Jogen Chowdhury could not be complete without his classic works like tiger in a moonlit night or, on an aside with his later metaphorical retakes on the ordinary and everyday. His takes on the apparently unchanging metaphor of an ever constant present would stay alive through the works that he produces now- his small and vulnerable figures with backs sutured or, figures with enormous suppleness are containers of the world around.

 

The social did come up in a big way during the sixties as well: within that you can place the encounters with the obdurate: Manu Parekh and Broota form a duo within this show wherein you could possibly visualize a current of thought getting realized- set of anxieties not fulfilled a set of issues not being addressed by the nation or the state.

 

Parekh referred to the Bhagalpur Riots and the blinding of the innocents and then to the Babri issues via his fragmentary devices while Broota has his language of mockery developed from his early days: wherein he devised figures of chimps as metaphors to suggest follies in a post independence democracy.

 

It would be also interesting to see how the social features in the metaphoric of paintings- Sheikh had explored the literal via very direct representation of a slave in the city during the late fifties, by the later years he portrayed his homecoming from within the referential hold, between the experiential and the textual.

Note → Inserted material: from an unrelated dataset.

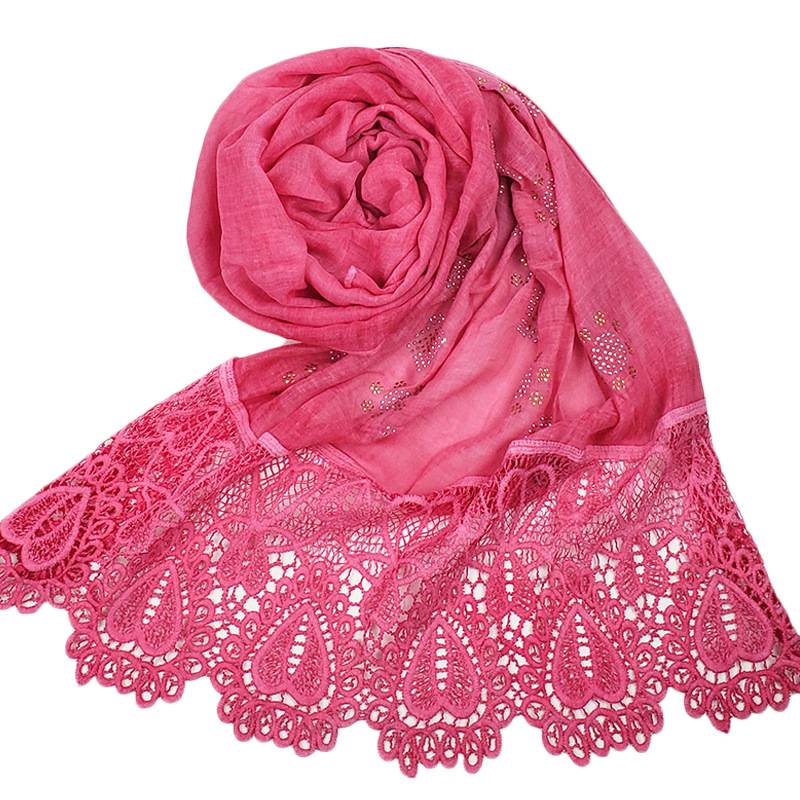 Amazon Hot Muslim Lace Tr Rhinestone Cross-Market Fashion Korean Shawl Baotou Scarf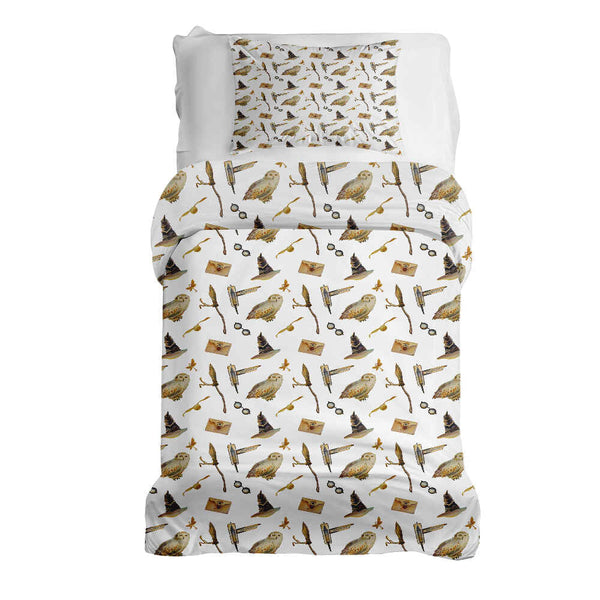 Therapy blanket and bedding set, white with owls.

 He has gone through many phases of narratives to have arrived at a point of sublimation today, through which he explores both the social and the spiritual essences of multiplicity of belonging. His was an allegorical journey, exploring spaces in their timed aspects, turning the entire canvas into a play of viewpoints, into an experience of many cultures and locations.

 

 

Overall, the fragments of the narratives of Modern in India has got an advantage, it doesn't offer a single resting place but are constantly moving entities between points and pathways; a tale at large, of how at the end of an abstract universal concept, an increasingly self-conscious local took root.

 

 

Anshuman Dasgupta

 

Anshuman did his B.F.A (1990) and MA (1992) in Art History from Santiniketan and M. S. U., Baroda, respectively. He joined Santiniketan in 1997 as a lecturer of Art History. He has contributed extensively to publications like Marg and LKC and in currently engaged in curating art shows.